─── WORKING DATA

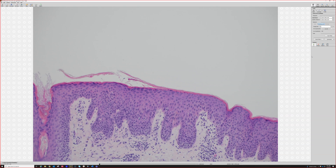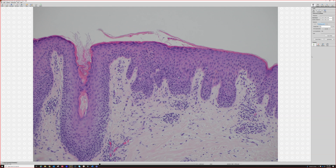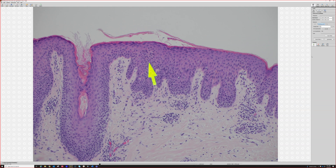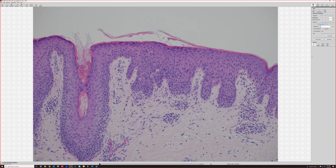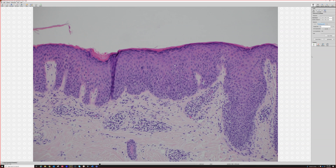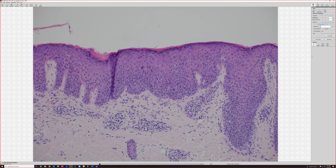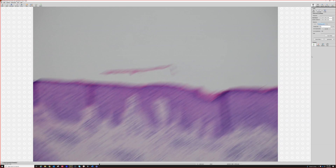We've got a little bit of spongiosis right here, so spongiotic dermatitis. It looks like it's been going on a little while because we've got some hypergranulosis, so it's starting to kind of lichenify. The epidermis is getting thickened and acanthotic. That acanthotic epidermis and hypergranulosis are both signs of chronicity.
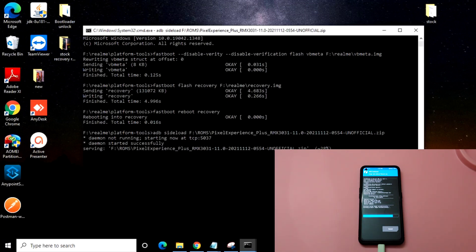Friends, right now it is at 28%, so it will just take some time. I think it will load up to around 47 or 48%. So that's it — as you can see it is progressing.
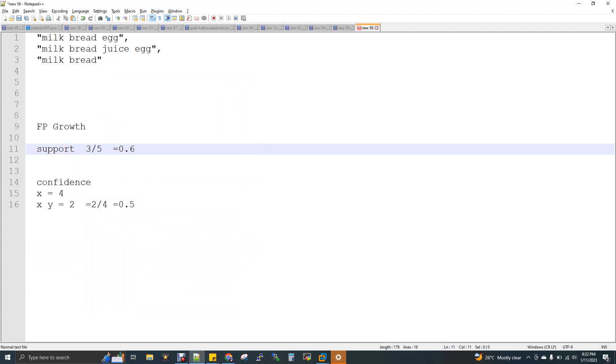In Spark, we have Spark batch, Spark streaming, Spark SQL. In the same way, we have something called Spark MLlib, which is the Machine Learning Library, under which we are going to discuss an algorithm called FP Growth.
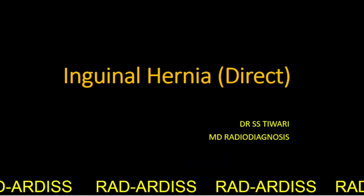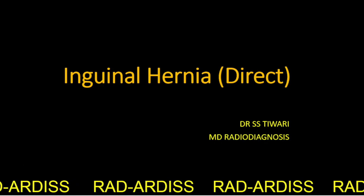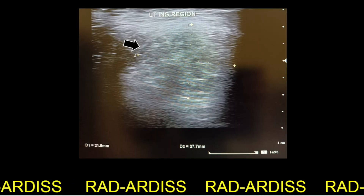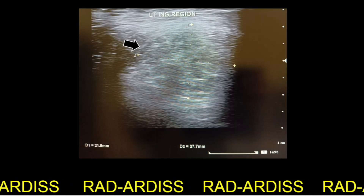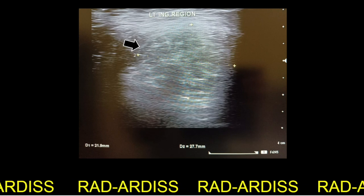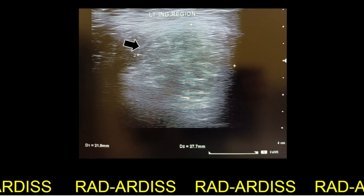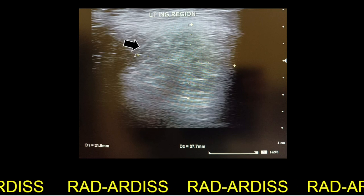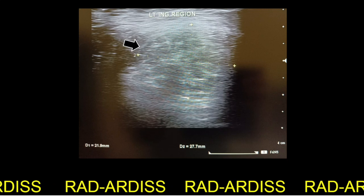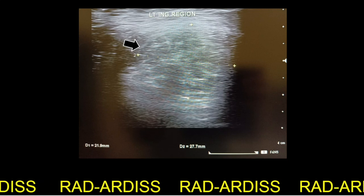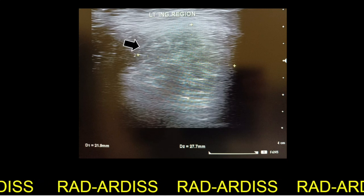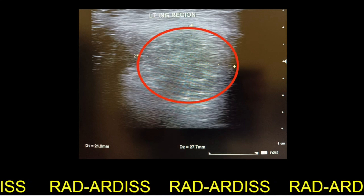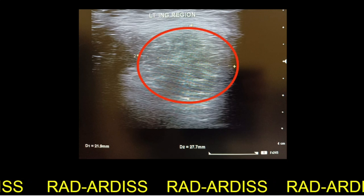Inguinal hernia, direct. This is the transverse ultrasound image of the left inguinal region of a patient where we can see an isoechoic swelling in the inguinal region, which is rounded in shape.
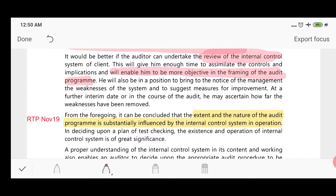The auditor will also be in a position to bring to the notice of management the weaknesses of the system — if he evaluates the internal control, he will know there is a weakness and can communicate it accordingly, and he can suggest improvements that need to be made.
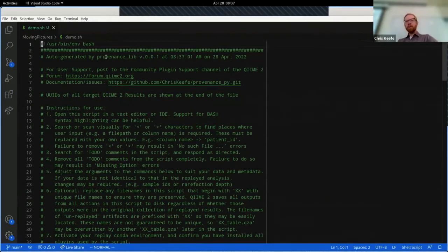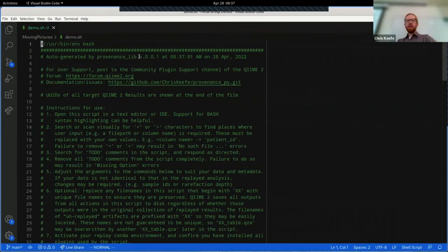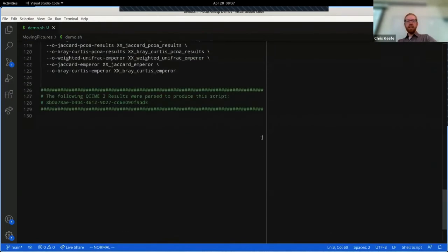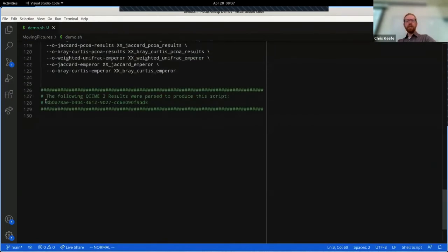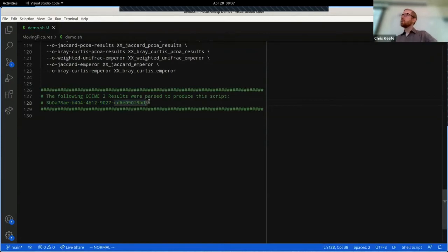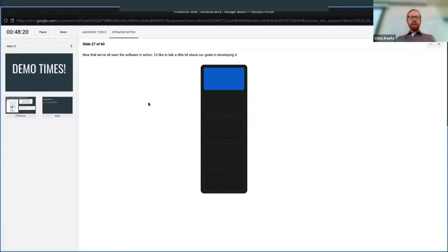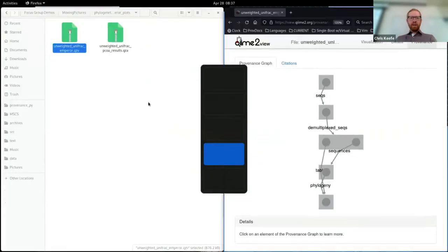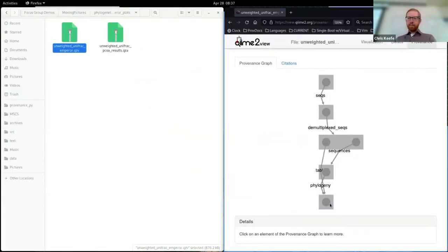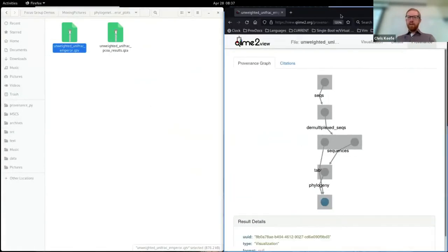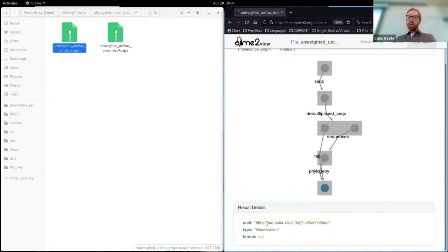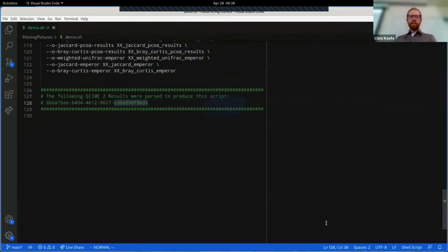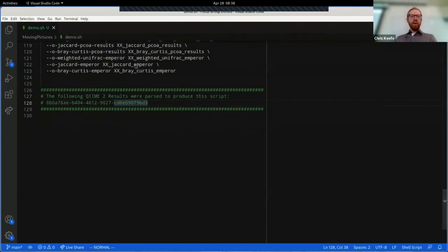It tells us what software was used to make this, what version and what time it was produced. It tells us down at the bottom the unique identifiers of all of the QIIME 2 results that are represented by this script. So we can clearly identify that this guy right here, which is UUID 8B0A, etc., etc.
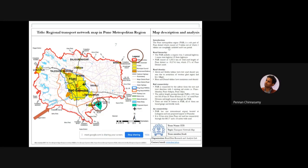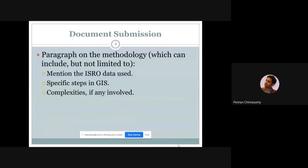Key map elements are visible at the bottom: a legend explaining the different colors and categories, a north arrow for orientation, and a scale. There is also a map description and analysis section covering what analysis was done. The details section at the bottom — which includes team logo, team name, problem statement topic, team member names, organization, and contact email — is entirely optional and is there so that if someone is interested in your map, they can contact you.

──────

Starting at the line above that has "In Spark, we" and ending at the line that has "It tells us what", copy each line exactly, leaving the pictures out and adding nothing.

### EXERCISE OUTPUT
In Spark, we have Spark batch, Spark streaming, Spark SQL. In the same way, we have something called Spark MLlib, which is the Machine Learning Library, under which we are going to discuss an algorithm called FP Growth.
Inguinal hernia, direct. This is the transverse ultrasound image of the left inguinal region of a patient where we can see an isoechoic swelling in the inguinal region, which is rounded in shape.
The auditor will also be in a position to bring to the notice of management the weaknesses of the system — if he evaluates the internal control, he will know there is a weakness and can communicate it accordingly, and he can suggest improvements that need to be made.
It tells us what software was used to make this, what version and what time it was produced. It tells us down at the bottom the unique identifiers of all of the QIIME 2 results that are represented by this script. So we can clearly identify that this guy right here, which is UUID 8B0A, etc., etc.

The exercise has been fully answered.